At Tottenham, well, even after losing Harry Kane for two months. Even with the cash available. Pochettino hasn't moved. While Sarri was handing Higuain a debut in their FA Cup win over Sheffield Wednesday, Pochettino was doing similar, only it was 20 year-old Kazaiah Sterling he threw on as Spurs were dumped out of the tournament at Crystal Palace.
Leading the line from the start (in Kane's absence) was the goal-shy Fernando Llorente. The other natural centre-forward available to Pochettino, Vincent Janssen, has been banished - never to return.
Almost £35m spent on two players. The two players the club has that are nearest to Kane. Yet neither have managed to get close to meeting expectations. Which raises the question: in terms of buying centre-forwards, has Pochettino lost his bottle?
Indeed, is he a manager capable of identifying a readymade goalscorer and helping him make an instant impact? Would Higuain have worked at Tottenham? Cristiano Ronaldo? Zlatan Ibrahimovic? Better yet, if offered the opportunity, would Pochettino have welcomed any of those three to Spurs?

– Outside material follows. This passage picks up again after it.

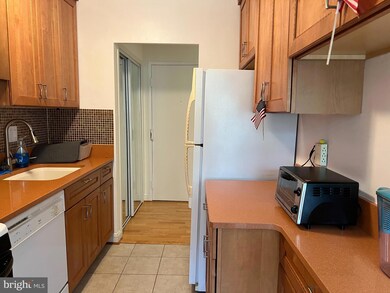 Taft Towers unit 406, Arlington, VA 22201 - photo 7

Bringing through young talent. Helping good prospects become great players. There's a lot to admire about that approach. And it does take courage for a manager to back local potential over a readymade outsider.

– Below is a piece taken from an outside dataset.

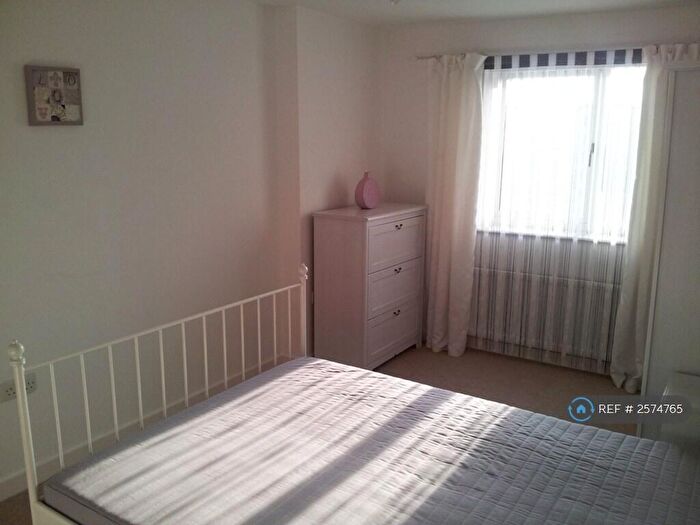1 Bedroom Penthouse To Rent In Omnibus House, London, N22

But it can also be used as a crutch. A buttress against those whom question that same manager's ambition. Potential needs time, as they say. Young players are going to make mistakes. They don't develop overnight.

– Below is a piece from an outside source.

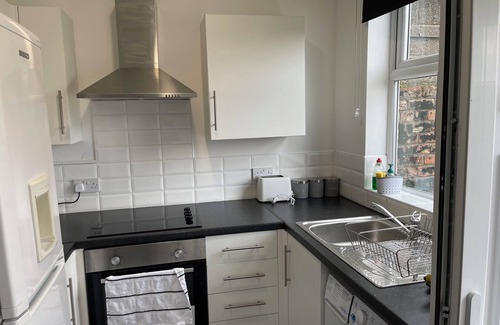 Goole Apartment | Humber Maisonette Airy, Modern & Chic!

“We are going to create a debate that to win a trophy is going to help the club," argues Pochettino. "I don't agree. That only builds your ego."
Is that ego? Or mentality? Because at Chelsea, where trophies are demanded, that ego saw them act. Strengthening the one area where Sarri's team has been found wanting this season. If there's no place for Chelsea in that final top four, it won't be due to a lack of ambition in the transfer market.
At Tottenham. If things remain as they stand. There will be excuses. The Kane injury. The lack of depth. The overloaded schedule. You just know such reasons - and more - will be offered.
"In the last four or five years, we've been fighting in different ways to achieve what the club needs, to be in the level of Chelsea, Manchester United, Manchester City or Arsenal or Liverpool," insists Pochettino.
"People wish we could win some trophies but being realistic, we are doing so well."
And of course, he's right. That's if being realistic, as he says, is about what he can't spend in the market, rather than what he won't...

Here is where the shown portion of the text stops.